Depois de alguns dias, descobriram que uma torneira na garagem tinha água. Então conectaram uma mangueira, que foi levada até o segundo andar para que todos pudessem encher os baldes d’água. Com energia, conseguiam carregar celulares e trocar mensagens com redes de apoio.
Vânia ainda salientou que, mesmo com temperamentos diferentes, quem ficou procurava relevar comportamentos e situações conflitantes. Em vários momentos, a tensão pairou no ar. “Nesses momentos ficávamos em silêncio”, confessa Vânia, lembrando da sensação de angústia ao saber das notícias pelo rádio, especialmente quando divulgaram que a represa da Lomba do Sabão, que fica dentro do Parque Saint Hilaire, em Viamão, estava em perigo de ser rompida (aliás, você já se perguntou o que pode acontecer se essa barragem não tiver manutenção?). Vale lembrar que o DMAE é que deveria cuidá-la, mas o Parque passou para a prefeitura de Viamão.

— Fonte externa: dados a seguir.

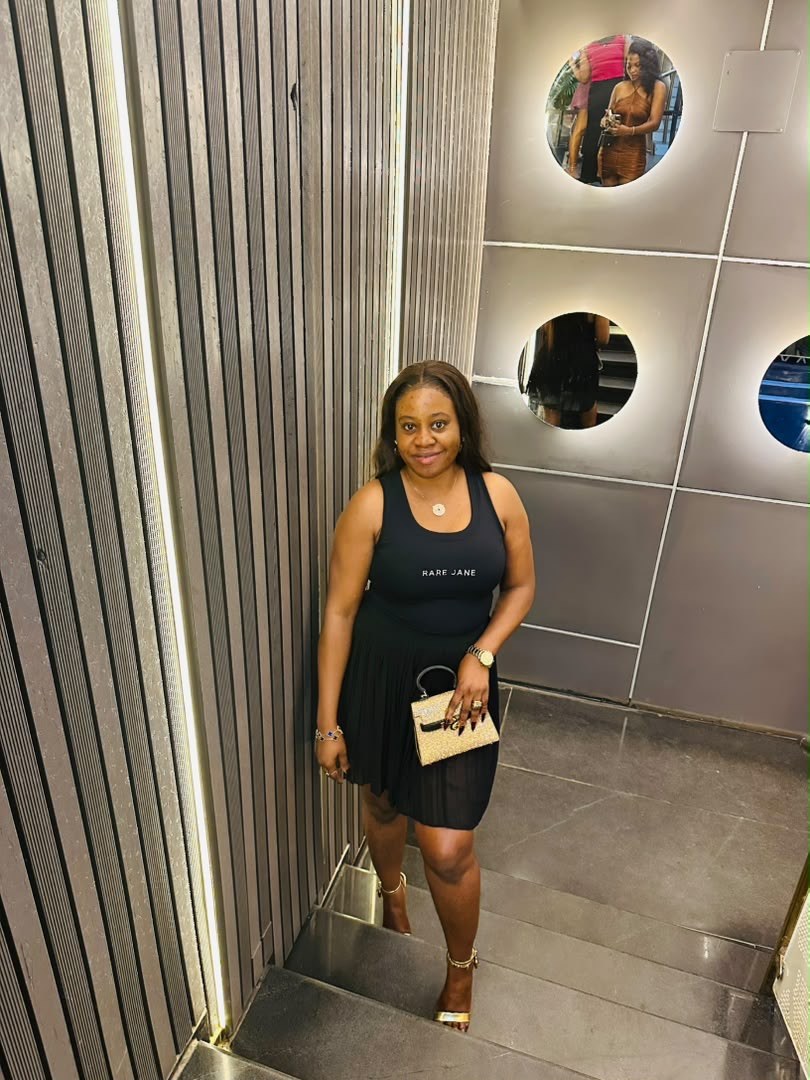 Rare Jane customer Janet wearing the Essence Tank Top in black with a pleated skirt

A vizinha lembra também dos barulhos de barcos a remo, devido ao silêncio que imperava na situação. Depois de as equipes de busca suspenderem os trabalhos, eles constataram a presença de possíveis saqueadores. Pois viam a movimentação de gente com lanternas, procurando não fazer barulho para entrar em locais que tinham sido abandonados.
Esse contexto, onde um grupo de pessoas conseguiu superar tantas dificuldades e ainda solucionar problemas para a coletividade, merece ser estudado com profundidade. Como ex-síndica, que procurou tomar algumas medidas no prédio, como retirar todos os móveis do térreo, subir o elevador e desligar a chave geral antes da água subir, creio que precisam ser estabelecidos protocolos de como agir para o estrago não ser pior do que já foi. Estejamos alerta. Especialmente se os governos eleitos se preocuparem mais em atender às demandas de quem financiou suas campanhas do que com o bem comum.